Angela Kukoda, director, municipal credit research at Seix Investment Advisors, is tasked with leading a committee focused on natural disaster-related disclosure, Jenkins said. The committee will make recommendations "so issuers can know what we think good disclosure looks like," she said. NFMA is still seeking volunteers to join the committee, Jenkins said, adding that anyone interested in joining should reach out to NFMA Executive Director Lisa Good directly.
Jenkins has asked the committee to think about both pre-event and post-event disclosure, she said.

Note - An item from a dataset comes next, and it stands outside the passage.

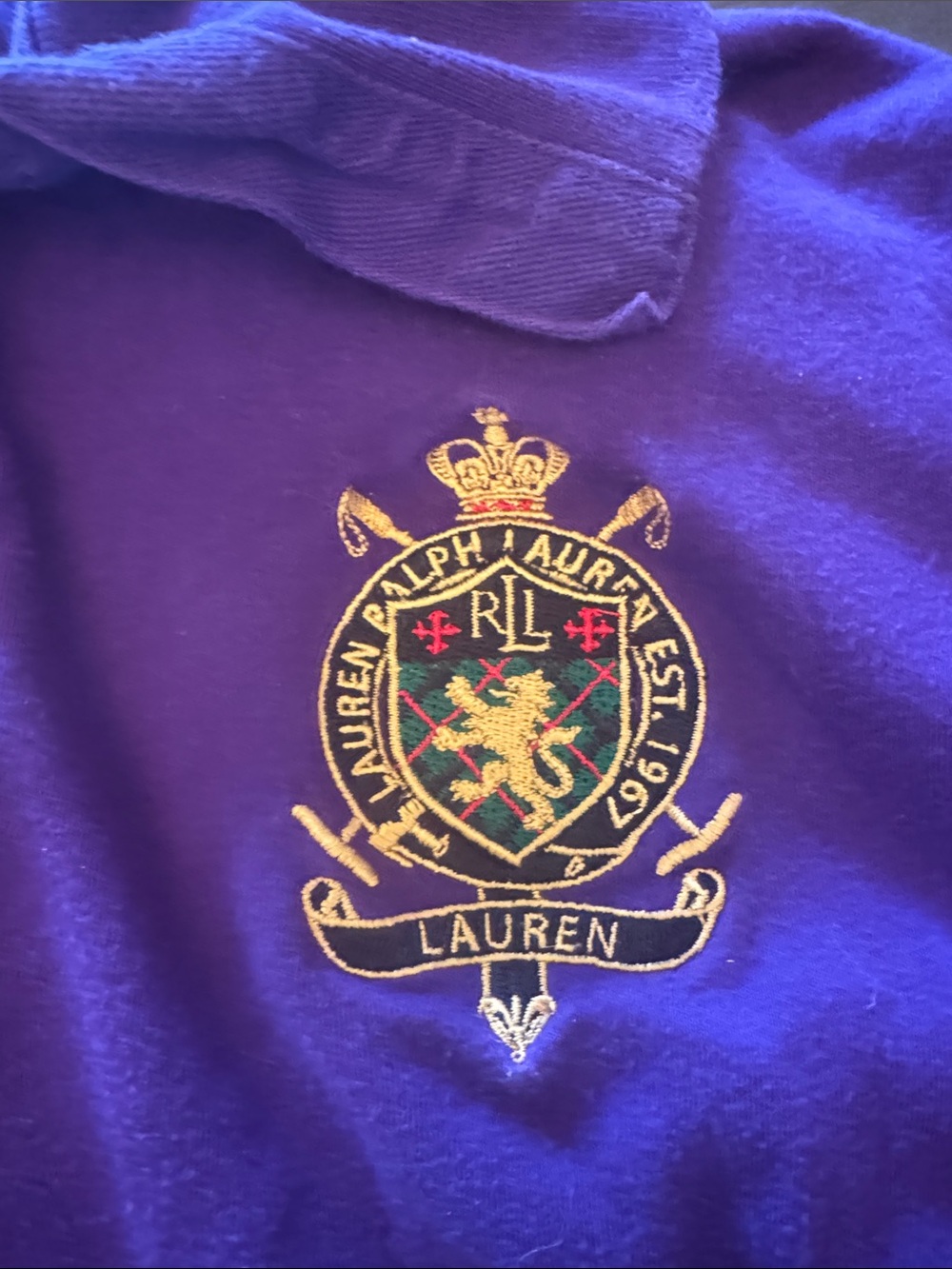 Ralph Lauren Purple Long-Sleeve Polo with Crest Patch - Picture 3 of 4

"You've just been hit by a hurricane. How do you communicate to the bondholder community that you don't have material damage and you're ok, or that you have the damage and it's been addressed or it's not material," Jenkins said. "Whatever that story is, it doesn't feel like there's a good framework for it right now, and we're trying to step into the void."
In the absence of information, analysts sometimes assume the worst, she said.

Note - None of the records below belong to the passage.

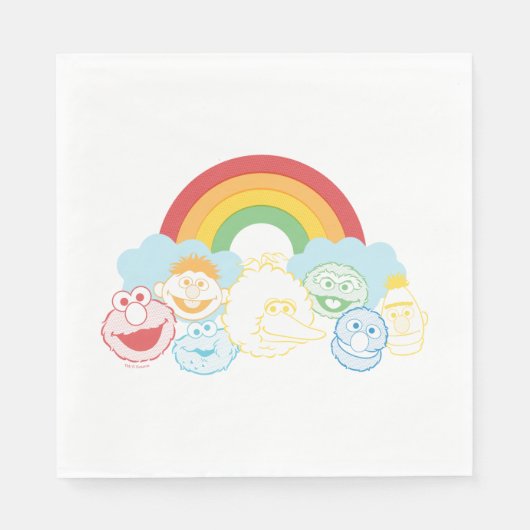 Serviette En Papier Rue Sésame | Rainbow Graphic (Devant)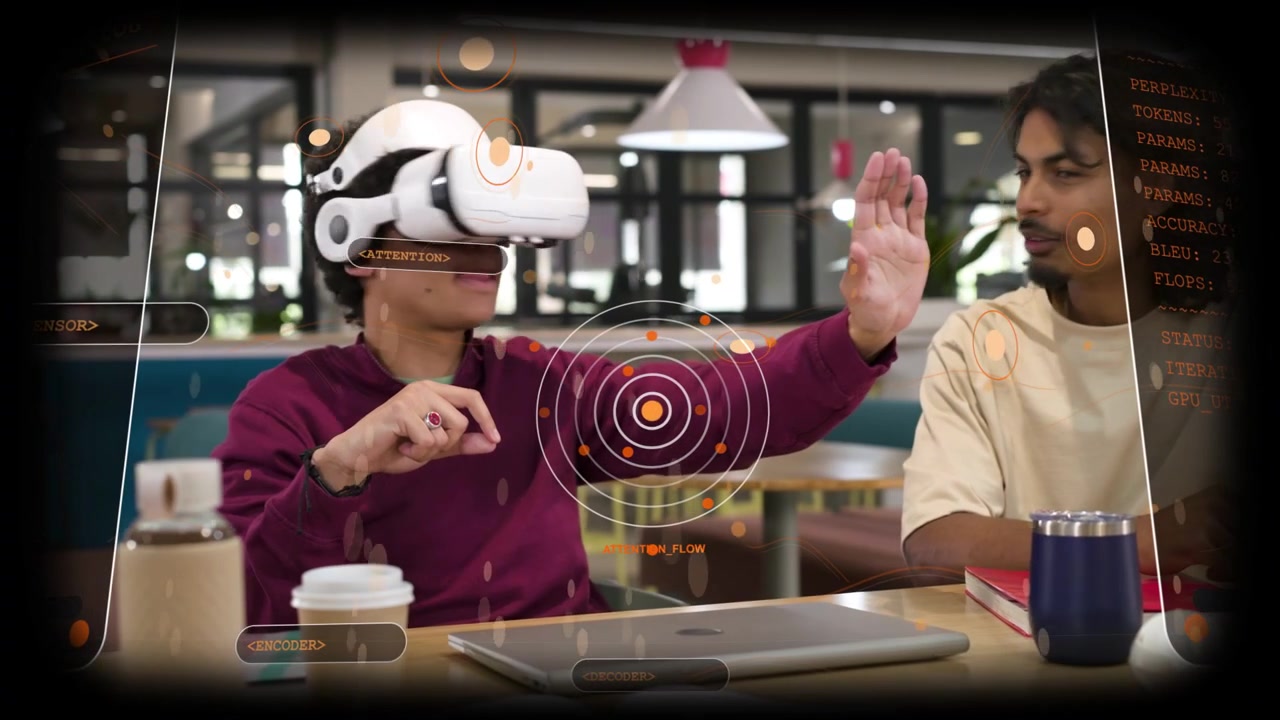Utente di visore VR che allunga la mano, gesticolando in un caffè, anelli HUD che rispondono ai gesti per un'interfaccia utente (UI) per l'istruzione.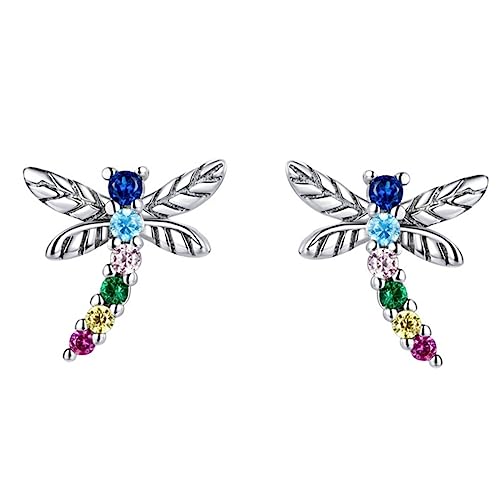 TOGEVAL Ohrringe für Mädchen S925 Silber Ohrschmuck mit Bunten Zirkonia Erfrischende Ohrstecker für Partys Valentinstag Geburtstage Jubiläen von TOGEVAL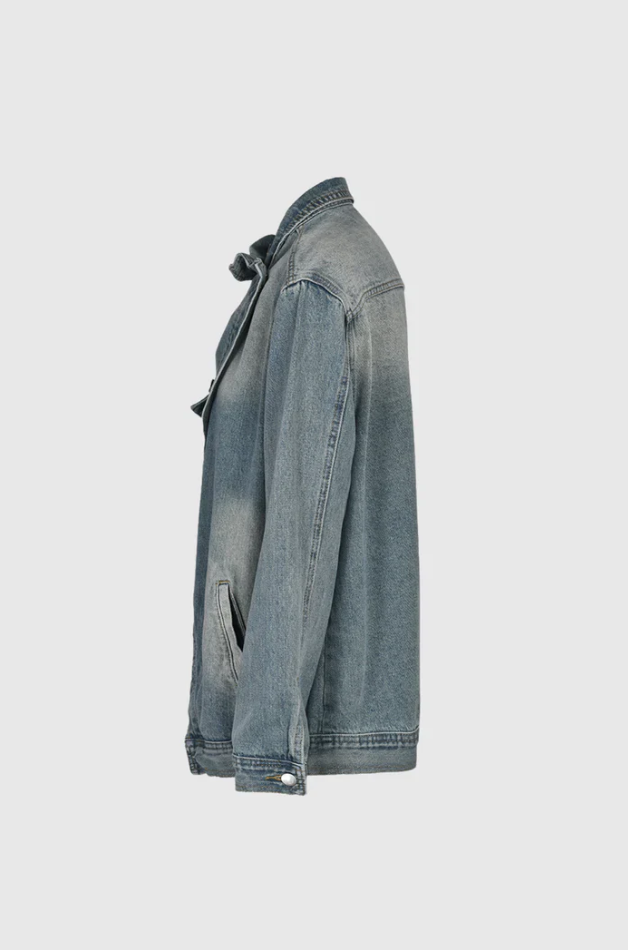 Veste ample en jean délavé à col montant — Amielle Paris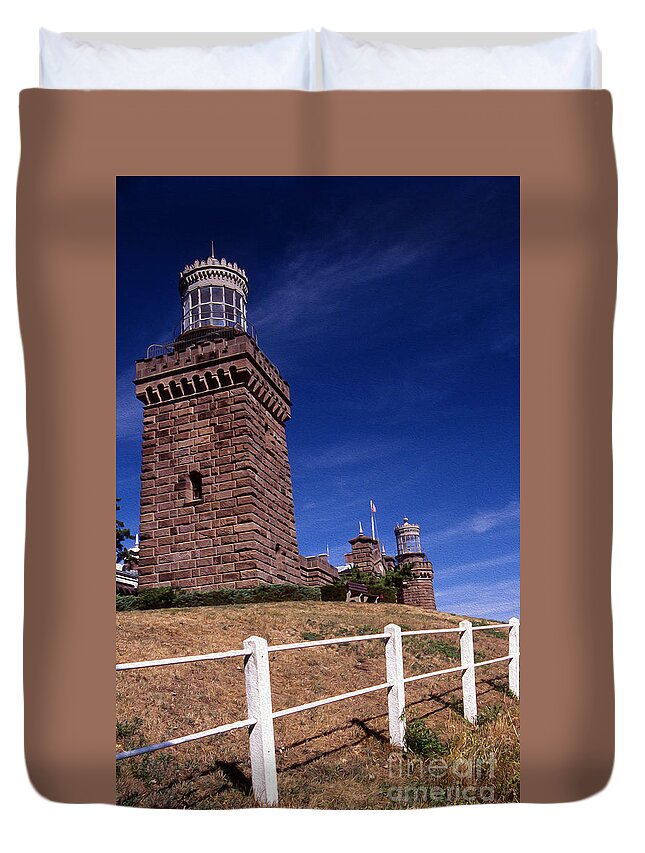 Lighthouses Duvet Cover featuring the photograph Painted Navasink Twin Lights by Skip Willits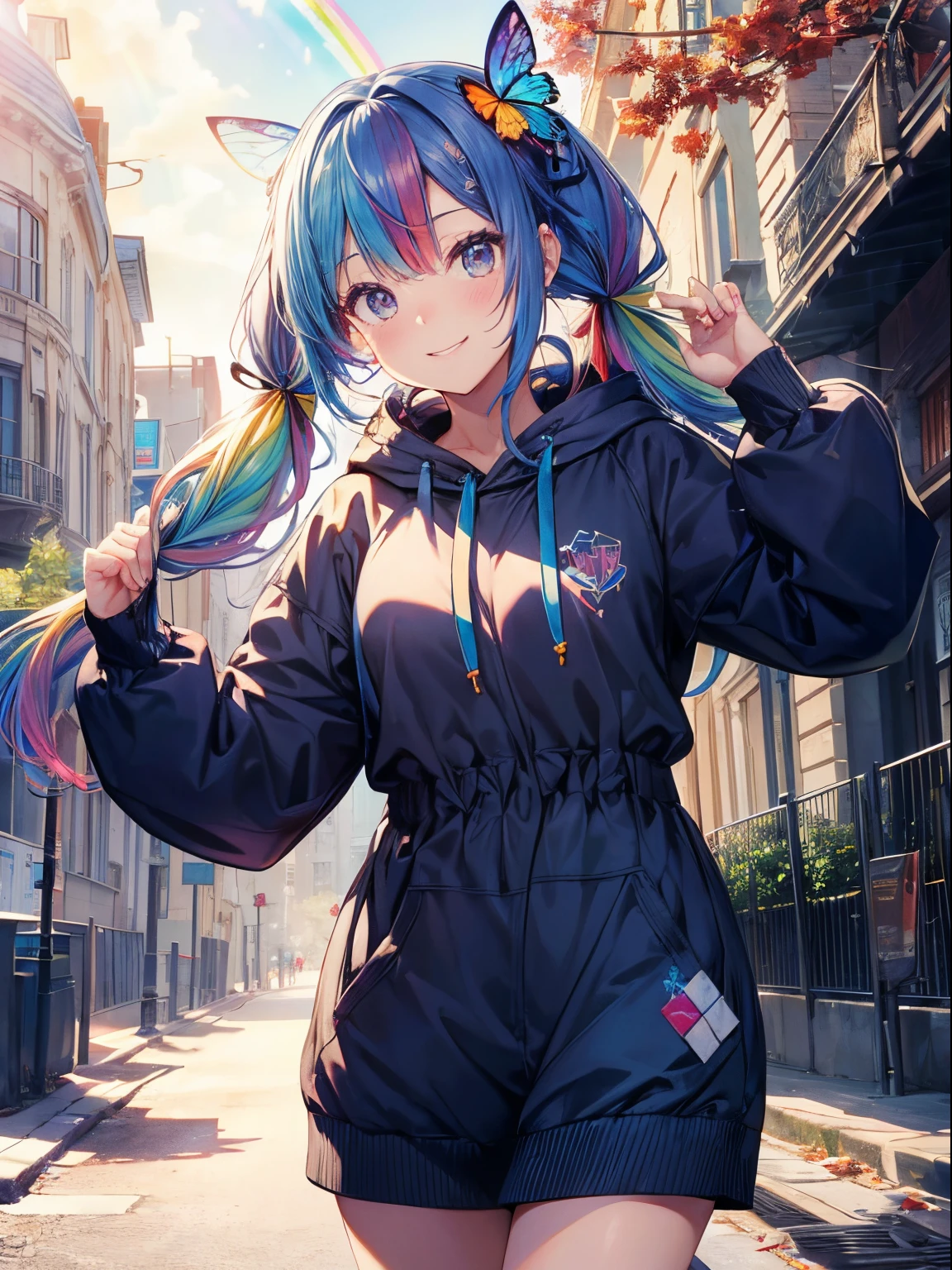 hair is hidden by the hood、put a hood on one's head、Butterfly Fairy、Metamorphosis、Bouquet of blue roses（The gesture of presenting a bouquet、Holding a bouquet of flowers in your hands）、Morning park、adventurer、adventure、daggers、(masutepiece:1.3), (8K, Photorealistic, Raw photo, Best Quality: 1.4), Beautiful face, (Realistic face), Beautiful detailed eyes, (Realistic skin), Attractive, Intricate details,Golden ratio,  1 girl,Naughty smile, the hair is under the hoodie、(rainbow hair:1.4),((Long twintails,Ribbon 1.4)),Blue athletic wear,(Blue Butterfly Hair Ornament 1.3),parka,Dynamic Pose,Dynamic Angle,Intricate details, Hyper realistic、A smile、Smiling、Face enhancement、marason、Autumn Park、the morning sun、Luz Divina、Deities、Heaven、rainbows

"The bonds are going to trade regardless and those valuations are important and decisions are being made," Jenkins said, adding that having information in the wake of disasters is better for the market, benefitting buyers as well as issuers.

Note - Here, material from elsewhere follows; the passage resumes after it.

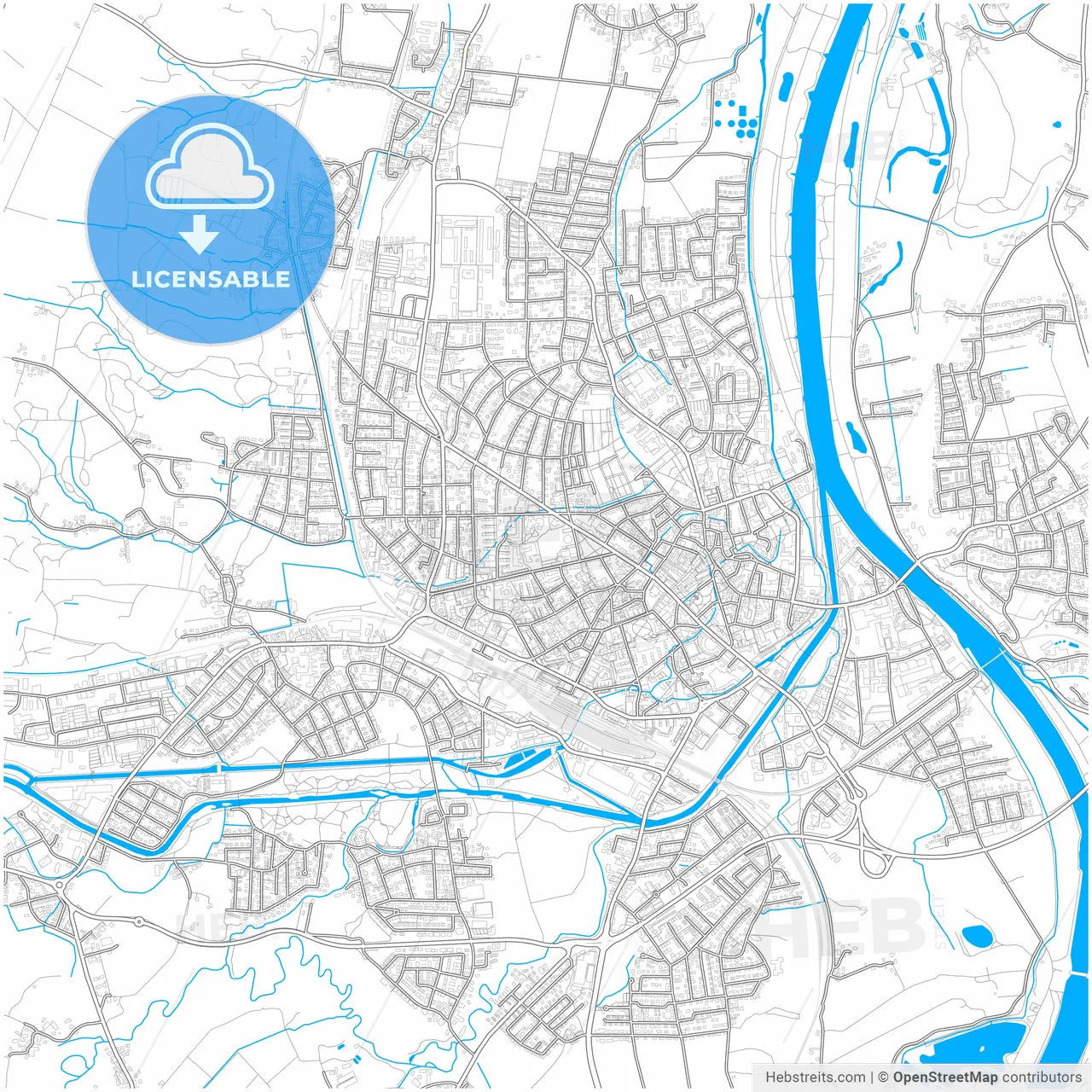 Rosenheim, Bavaria, Germany, city map with high resolution roads.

When catastrophic events occur, "our industry is where a lot of issuers go for rebuilding," she said.
"And so starting the conversation early through disclosure is important and this is why I say for the market as a whole because, ultimately, there is likely to be a bond solution on the other end," the NFMA chair said.
Jenkins recalls turning to the Municipal Securities Rulemaking Board's EMMA website in the wake of an event and seeing a one-line note from an issuer saying it was saddened by the event's impacts and was currently evaluating the damage.
"And I went ok, these guys are on top of it," she said.
While there can be a range of appropriate responses following disasters, Jenkins said she wants to ensure that Kukoda and her committee have an opportunity to produce a solid document that lets issuers know some of the expectations the analyst community has regarding pre-event and post-event disclosure and what good disclosure looks like.
Some issuers "want to be good and they don't know how or they don't know what that means," Jenkins has found. Issuers might also believe they are providing good disclosure and "they don't know what analysts want to hear," she said.
"I would love for Angela to bring the entire market together to figure out exactly what do we need to do on this topic," Jenkins said.
Jenkins, who earned a Master of Public Administration degree from New York University's Robert F. Wagner Graduate School of Public Service, began her municipal analyst career in 2006 at what was then known as Moody's Investors Service.
After spending some time at Moody's Jenkins "became really interested in the buyside and that's where I've spent the bulk of my career, at two different firms," she said. Jenkins joined AllianceBernstein in 2010 and JP Morgan Asset Management in 2019.
She joined NFMA in 2010.
"Throughout my career, I've seen NFMA as an organization be instrumental in supporting improved disclosure," Jenkins said. "The quality of information that I got as a junior analyst just entering the industry versus what issuers put out today – it's remarkably better."